Central Alaska Network (CAKN) One of 32 I&M networks established as part of the NPS Inventory and Monitoring Program. The Central Alaska Network comprises 3 parks in Alaska.
Climate Friendly Park The NPS Climate Friendly Park designation requires meeting three milestones: completing an application; completing a comprehensive greenhouse gas (GHG) inventory; and completing a Climate Action Plan, which is the actions, policies, programs, and measures a park will put into place to reduce its GHG emissions.
Cultural Landscape Inventory (CLI) A Cultural Landscapes Inventory describes historically significant landscapes within a park. The inventory identifies and documents each landscape's location, size, physical development, condition, characteristics, and features, as well as other information useful to park management.
Cultural Landscape Report (CLR) A Cultural Landscape Report (CLR) is the principal treatment document for cultural landscapes and the primary tool for long-term management of those landscapes.

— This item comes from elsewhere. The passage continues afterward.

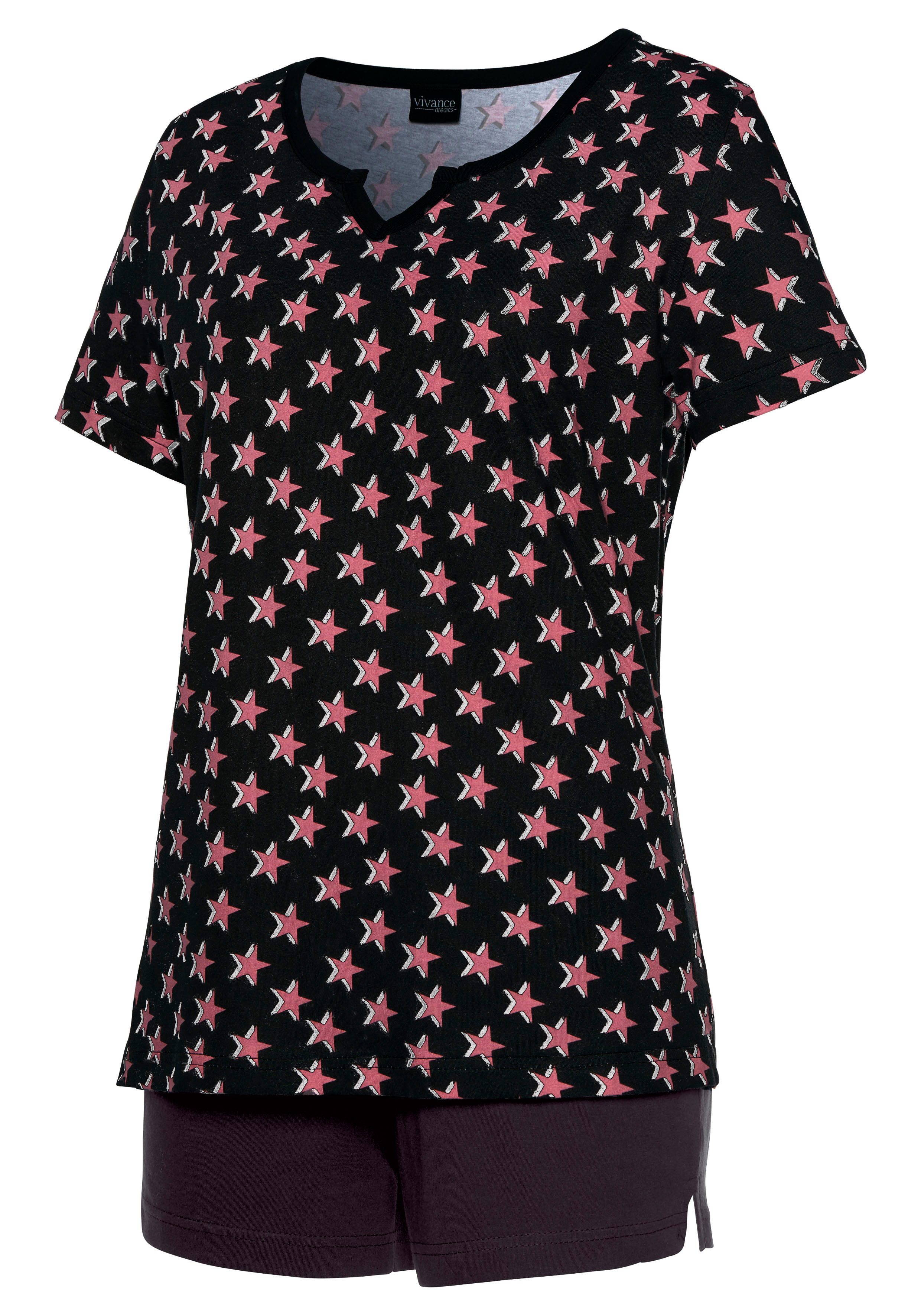 Vivance Dreams Shortama met sterrenprint (4-delig Set van 2)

It guides management and treatment decisions about a landscape's physical attributes, biotic systems, and use when that use contributes to historical significance.
Cumberland Piedmont Network (CUPN) One of 32 I&M networks established as part of the NPS Inventory and Monitoring Program. The Cumberland Piedmont Network provides scientific data and expertise for natural resources in 14 parks located in Alabama, Georgia, Kentucky, Mississippi, North Carolina, South Carolina, and Tennessee.
Curation National parks are the stewards of numerous types of objects, field notes, publications, maps, artifacts, photographs, and more. The assemblage of these materials comprises a museum collection. Curation is the process of managing, preserving, and safeguarding a collection according to professional museum and archival practices.
Department of Homeland Security (DHS) A federal agency that, among other responsibilities, prevents and investigates illegal movements across U.S. borders, including the smuggling of people, drugs, cash, and weapons.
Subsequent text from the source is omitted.